Anthere wrote:
Stan Shebs a écrit:
I think you're working a bit too hard to find bias here. The Huygens probe had 1/2 of the original article created 2.5 years ago, and sizewise would have been fine to split even then, but somehow not one of 600+ million Europeans could be bothered to make the split, or to propose it on the talk page.
No, I am not working too hard. I am trying to report a reality, that you may perceive as "too hard to find bias"
However, what *really* is a measurement is the perception of our readers.
Right ?
Okay, this was reported to me by some french scientists. They know Wikipedia, and are often impressed by it. They were VERY impressed by the articles themselves. As I said, this was the most informative place aside from the couple of scientific reporting place. So, WE were a hit.

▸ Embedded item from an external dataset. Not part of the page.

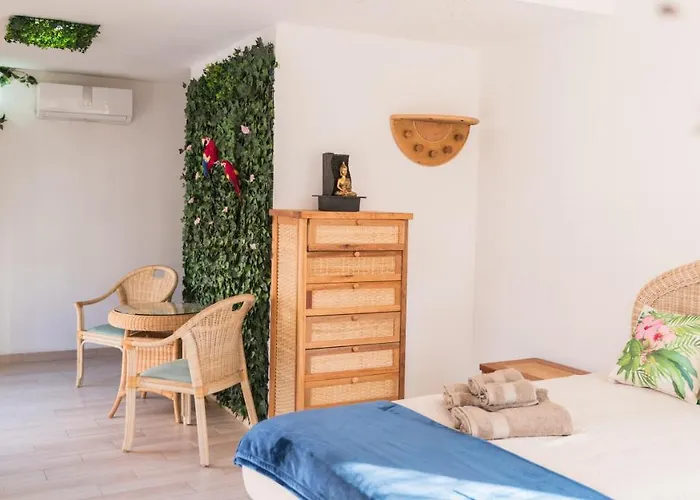 Valencia Bed & Breakfasts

They were amused however, of that situation. They are in no way anti-american, but they laughed at our non bias policy in this case.

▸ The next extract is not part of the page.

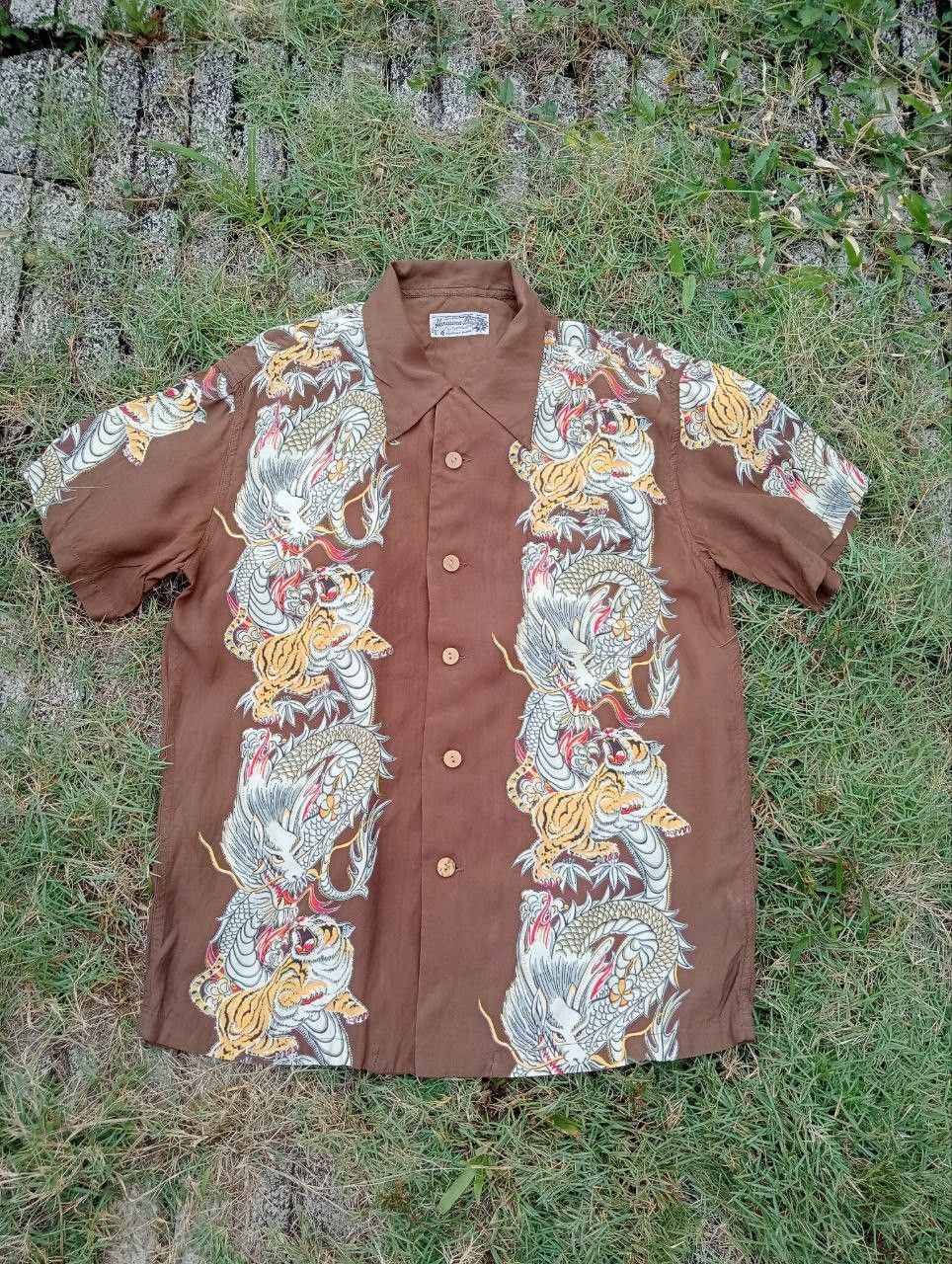 Japanese Brand Vintage Japanese Hanauma Bay Dragon Tiger Aloha Shirt Size US L / EU 52-54 / 3 - 1 Thumbnail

They know about the neutrality policy and are aware of how hard it is. The neutrality in this case, the so-called neutral report make them laugh their head of.
And you corrected them on this, right? This is absolutely nothing to do with NPOV, and it's unfair to hardworking editors to say that they're biased and not doing anything about it. What you report fits exactly into the worst stereotypes of the French; sneering at other people's work, but not taking any responsibility for having let this perceived problem go unmentioned for years. You said these scientists "know Wikipedia"; did you ask them why they didn't do anything about it themselves?

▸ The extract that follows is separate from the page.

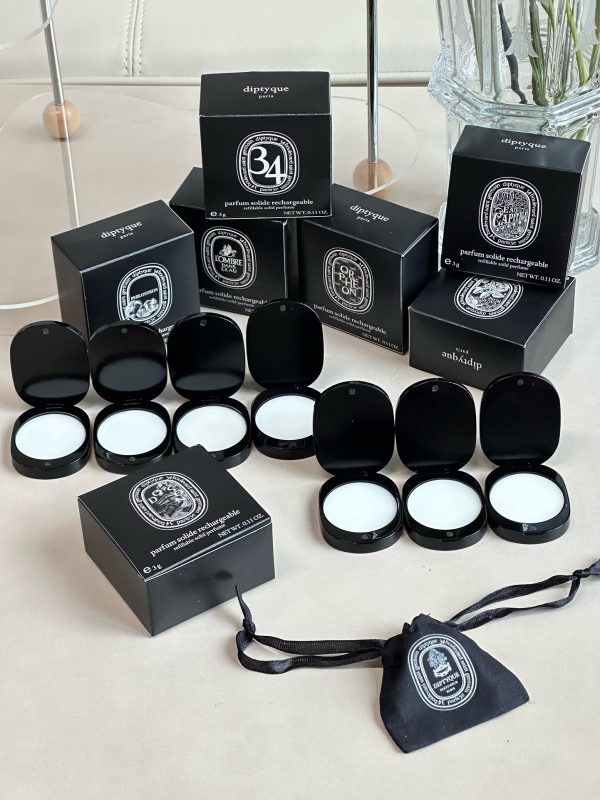 Diptyque Solid Perfume - Image 4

I also note for instance that (as of several hours ago) the French wikipedia had a single article with Huygens as the second half. Are we supposed to take that to mean the Europeans are biased against themselves?
There are enough real problems making WP unbiased and neutral; by taking a trivial point of organization never before discussed anywhere, and holding it up as something that matters, you're undercutting all the editors who put in real research and real discussion time on the issues that are genuinely important. Why should I bother spending two hours in the library to research a substantive question, when you're telling the world that WP is biased because some frontpage article doesn't cater enough to nationalistic pride?
The whole attitude really troubles me. I've put in a lot of WP time over the past two years, and now it feels like it doesn't matter.